According to Herrick, “Billy said, ‘Let’s get to work’ without a second thought to the fact that we were women who had no clue what to do.”
Susie Kernodle, one of those first Women Roofers, is also a seamstress. She caught on quickly. “I realized it’s no different from laying out a dress pattern. You just use different tools.”
The more Herrick and Kernodle talked about their roofing experience, the more the idea of an all-female crew formed. Roof after roof, the enthusiasm spread, until now 53 women and a couple of guys get the email announcements about when the next project will begin.

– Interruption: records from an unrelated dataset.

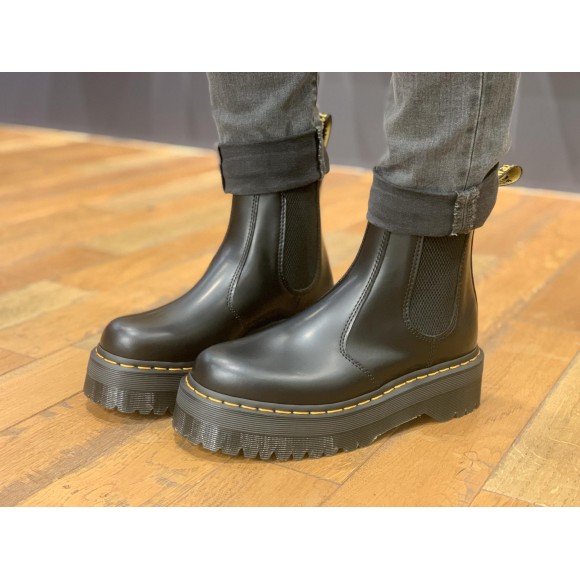 Dr.Martens 厚底サイドゴアブーツ　2976QUAD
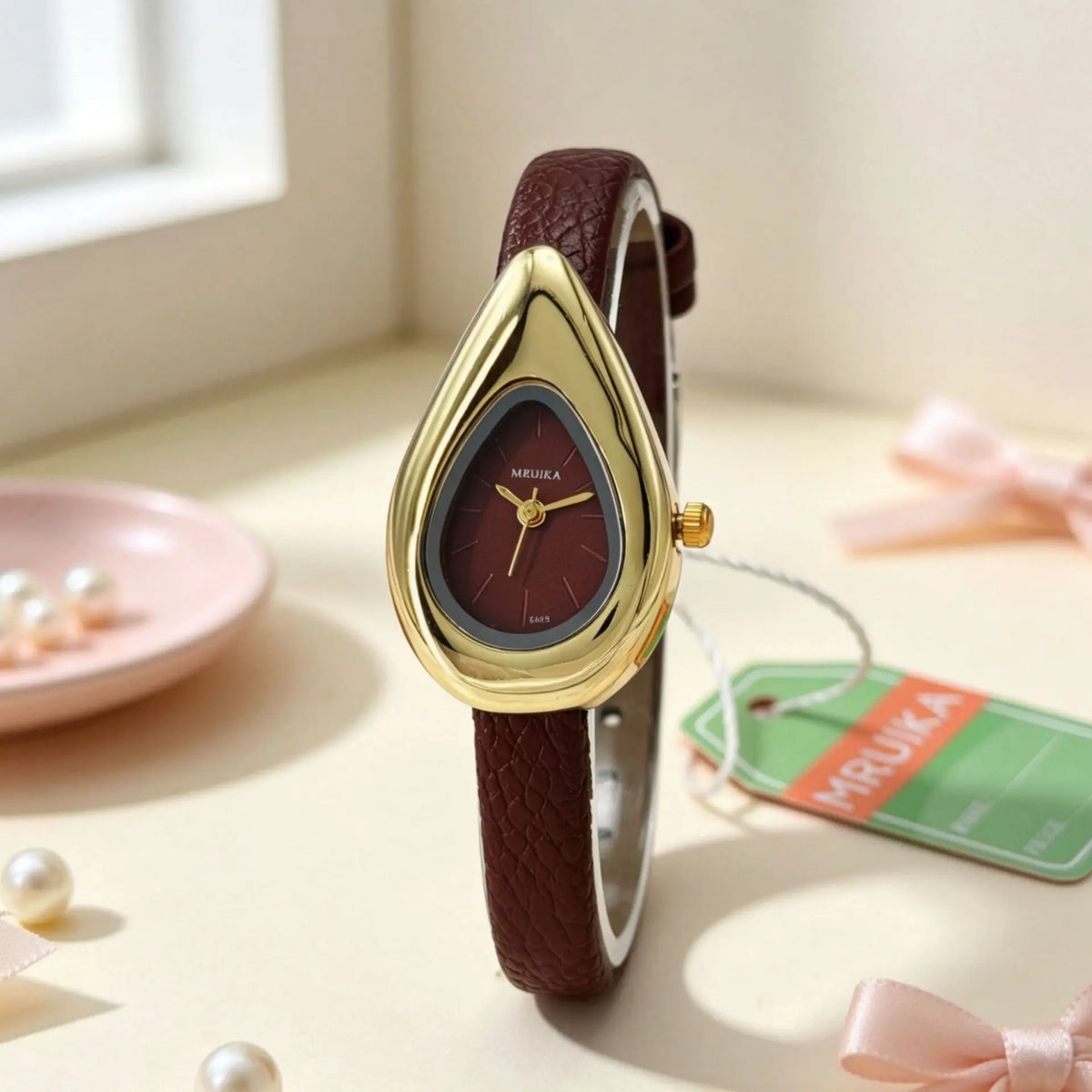 Water Drop Quartz Watch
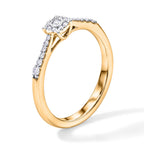 750 Gelbgold vermeil
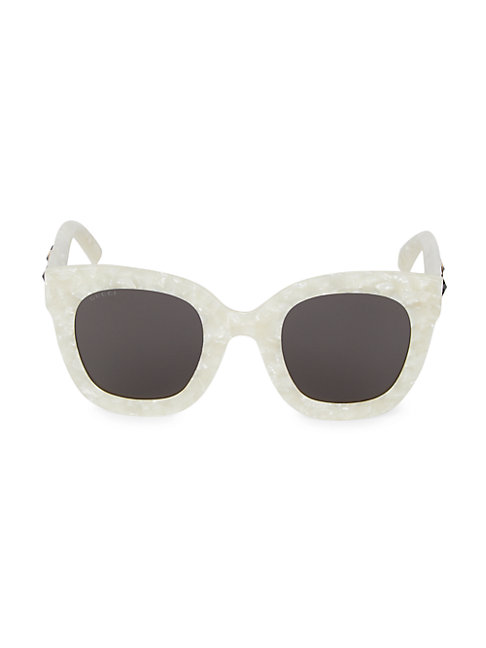 gucci 49mm cat eye sunglasses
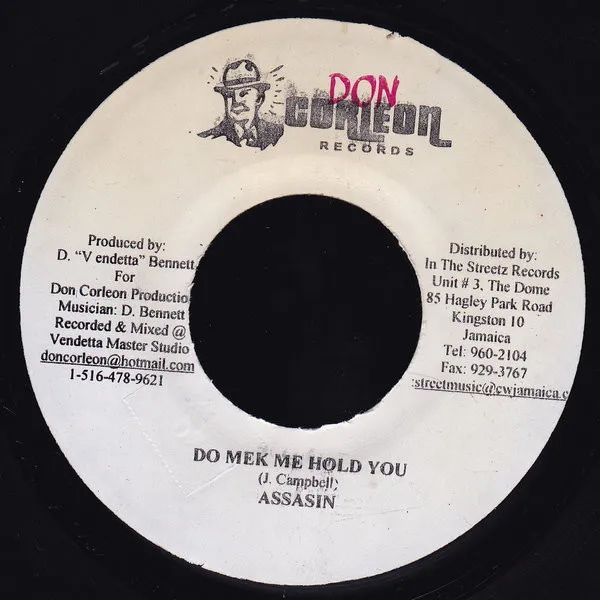 Do Mek Me Hold You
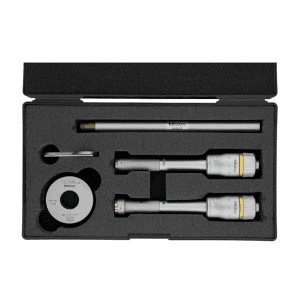 Mitutoyo 12 - 20 mm Three Point Holtest Internal Micrometer Set With Extension Rod (Pack of 8 Pcs), 368-912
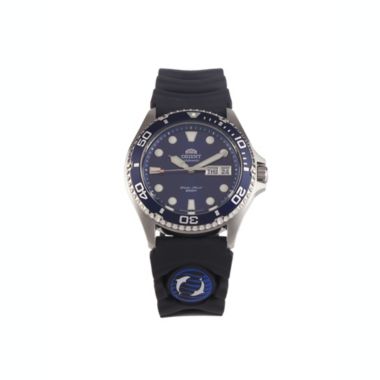 Orient Men's Ray II Rubber FAA02008D9 Japanese Automatic Stainless Steel Watch. View a larger version of this product image.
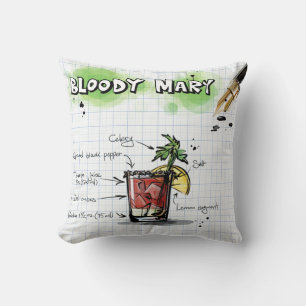 Almofada Bloody Mary Travesseiro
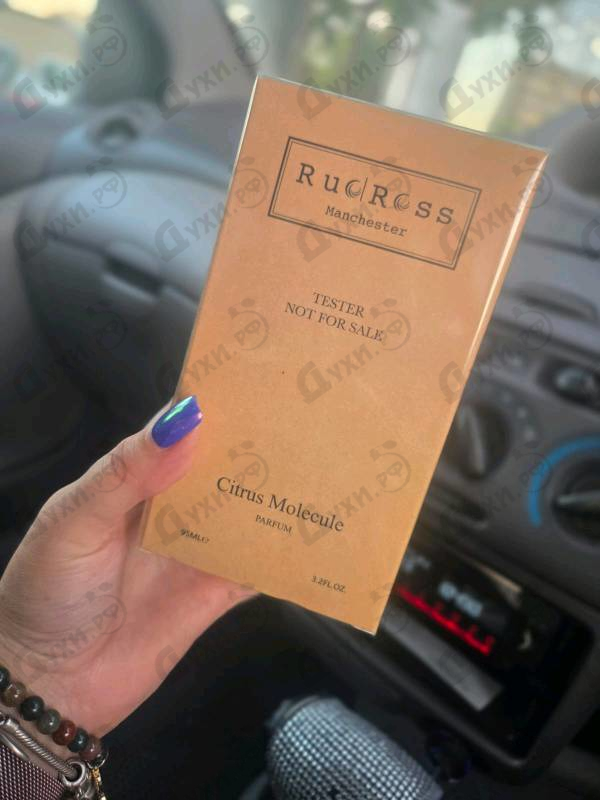 Духи Citrus Molecule от RudRoss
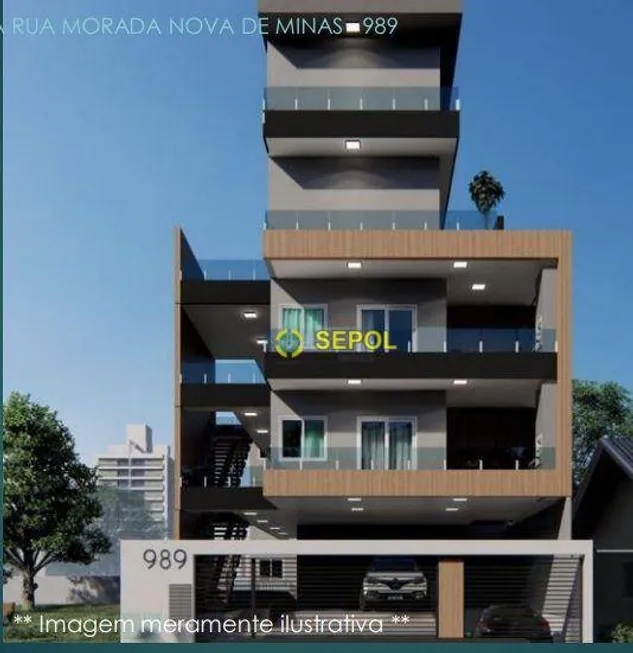 Foto 1 de Apartamento com 2 Quartos à venda, 63m² em Cidade Centenário, São Paulo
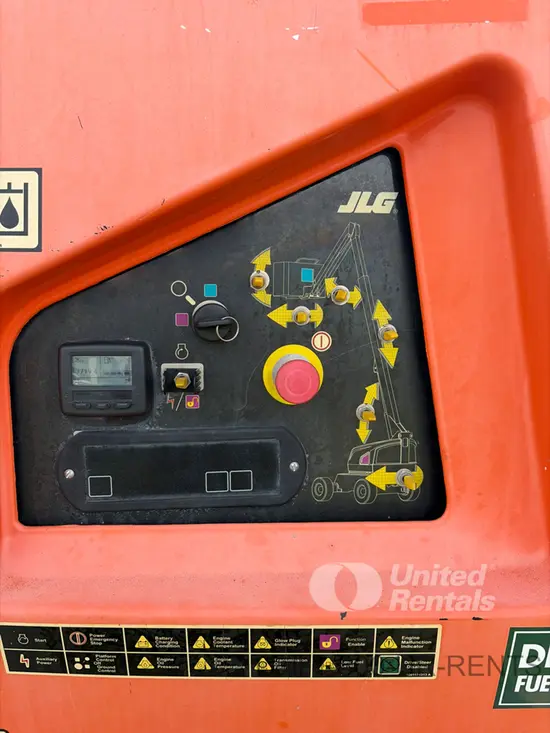 2017 JLG 460SJ Boom Lift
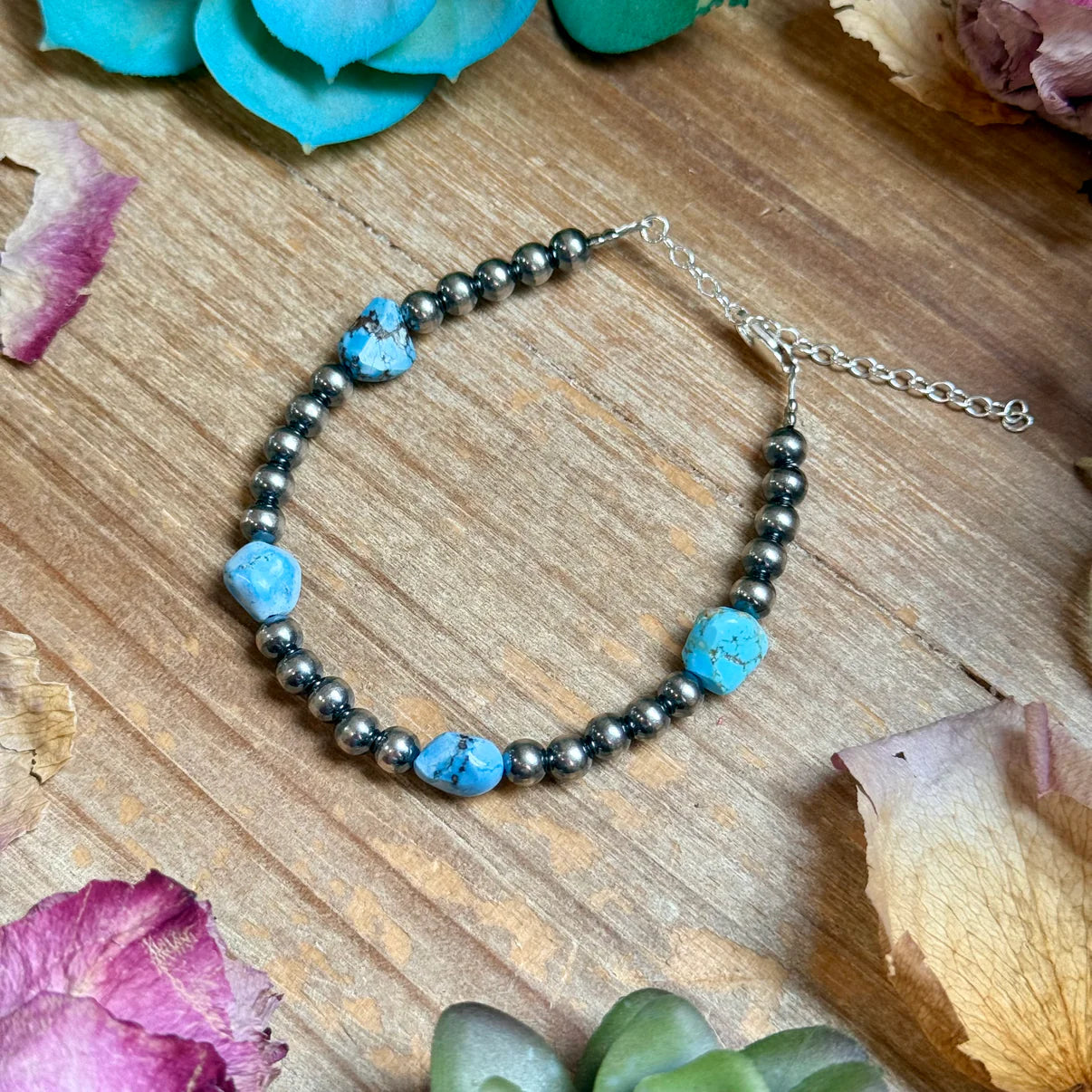 Golden Hill Turquoise Bracelet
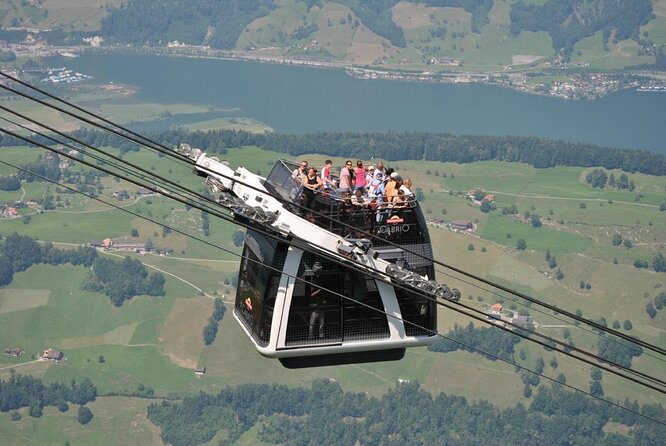 Day Trip to Lucerne and Mount Stanserhorn Including CabriO Cable Car Ride - Key points to know before booking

“Women do a lot in the community and the schools,” said Terri Wells, “but it’s not often this kind of physical work. I like the challenge of doing something I’ve never done before.”
Their involvement has spread to others in their churches. When the group traveled to Gulfport, last spring, six local high school students joined them. This spring, three guys plan to join the women, including another crew leader so more sites can receive help.
Members of the group are anxious to return.
“I can't get all those ‘blue roofs’ off my mind and the terrible conditions families in Mississippi are struggling with,” said Hazel Crook. “Besides, I don’t believe God put us here to just take up space. He wants us to give back in some way to ease the struggles of others.”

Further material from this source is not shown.